Kolombiya, zihniyet klişesi ile zafer serzenişi arasında (görüş)

Örneğin U-20 Dünya Kupası'nda bronz madalya gibi bir spor başarısını kutlamaktan bizi bu kadar alıkoyan şeyin ne olduğunu anlamak kolay değil: Bizi daha iyi oyuncular mı yener, yoksa hep biz mi kaybederiz? Kaybediyorsak, bunun sebebi "şampiyonluk zihniyetinden" mi yoksun olmamız, inanç ve yetenekten mi yoksun olmamız ama zekamızın olmaması, kaybetmeye o kadar alışmış olmamız ki nasıl kazanacağımızı bilmememiz, bize şampiyonluk yolunu gösterecek bir yabancıdan mı yoksun olmamız... El Pibe'nin dediği gibi, "bu bok asla başımıza gelmeyecek" mi?
Sonuçta her şey sıradanlığa bir övgüdür. Neden bahsediyoruz?
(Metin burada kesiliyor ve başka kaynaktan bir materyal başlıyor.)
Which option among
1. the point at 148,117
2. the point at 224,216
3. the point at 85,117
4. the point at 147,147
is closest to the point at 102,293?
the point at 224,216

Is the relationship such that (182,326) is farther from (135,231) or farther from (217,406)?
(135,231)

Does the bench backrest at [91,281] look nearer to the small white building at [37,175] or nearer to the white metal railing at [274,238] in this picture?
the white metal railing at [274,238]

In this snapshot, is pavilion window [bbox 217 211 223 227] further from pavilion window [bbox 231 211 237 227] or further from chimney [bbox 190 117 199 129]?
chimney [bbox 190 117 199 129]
Oyuncularımız herkes gibi çalışıyorsa, yetenek bolsa, koçlarımız Brezilyalılar ve Arjantinlilerle aynı okullara gidiyorsa, bölgenin dördüncü büyük ihracatçısıysak, elit ligde çalışmayı yıllar önce öğrendiysek, o "zihniyet"ten biraz olsun etkilenmeden nasıl herkesle aynı yolu izleyebiliriz? İmkansız! Bizde bolca var, hem de her kategoride. Yeni normal şu ki, hepimiz aynı araçlara sahibiz ama başkaları kazanıyor, biz kazanamıyoruz. Neden? Çünkü en önemli şeyden yoksunuz: yapı.
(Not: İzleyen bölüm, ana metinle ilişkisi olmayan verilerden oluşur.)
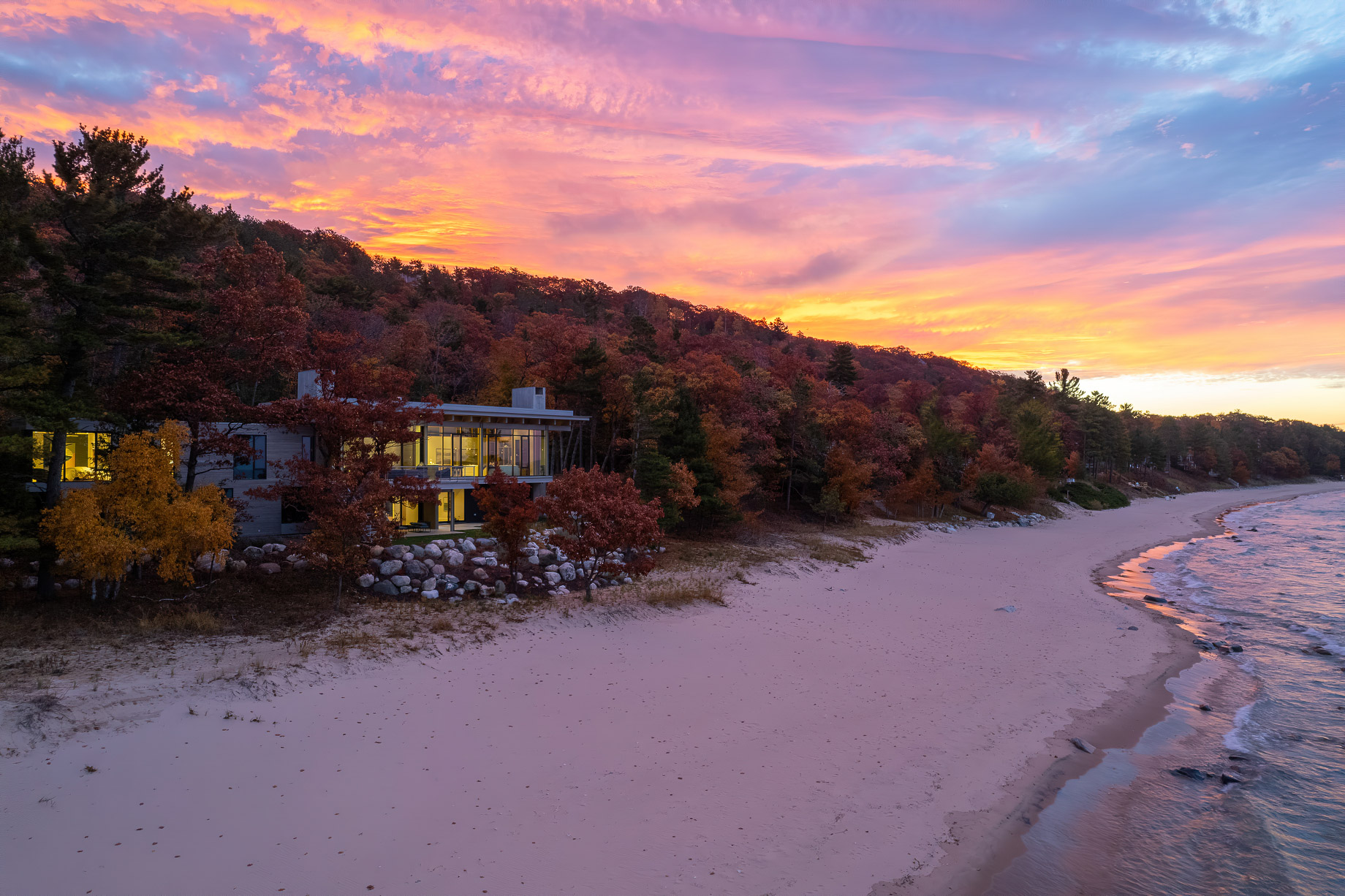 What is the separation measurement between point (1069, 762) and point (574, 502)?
41.5 ft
'Büyüklük'ün dayanılmaz tartışması
Kolombiya - Arjantin 20 Yaş Altı Fotoğraf: AFP
Eğer tartışma büyüklüğümüzün boyutuyla ilgiliyse, hemen bitirebiliriz: ne küçük ne de büyük, sadece varolmuyor. Düzenlenen 22 Dünya Kupası'nın altısına katılmış ve çeyrek finali geçememiş, U-17 Kadınlar Şampiyonası'nda sadece bir finale kalmış (üç yıl önce) ve 22 yıldır en az bir U-20 finaline katılmamış bir ülke, böyle bir hak iddia edemez.
Bunu söyledikten sonra, büyük olma hırsı yeter, rekabetçi olmaya geçelim. Temel koşullarımız var ve diyelim ki son 15 yılda Avrupa'nın en büyük kulüplerinde ve en rekabetçi liglerinde James, Falcao ve diğerleriyle edindiğimiz deneyimi de ekledik.

James Rodríguez Fotoğraf: EFE
Sinirlenmeden önce parantezlere dikkat edin! Kimse Kolombiya futbolunun onlarla doğduğunu söylemiyor ve kimse Parma veya Newcastle'daki Tino'yu, Real Madrid'deki Rincón'u veya Willington'ı unutmuyor, bunların hiçbirini. Gerçek şu ki, tüm bu kahramanlar elit futbolda normun istisnalarıydı ve bu durum çok yakın zamanda değişti; bunu bir gelenek haline getirmek bu nesillere kalmış.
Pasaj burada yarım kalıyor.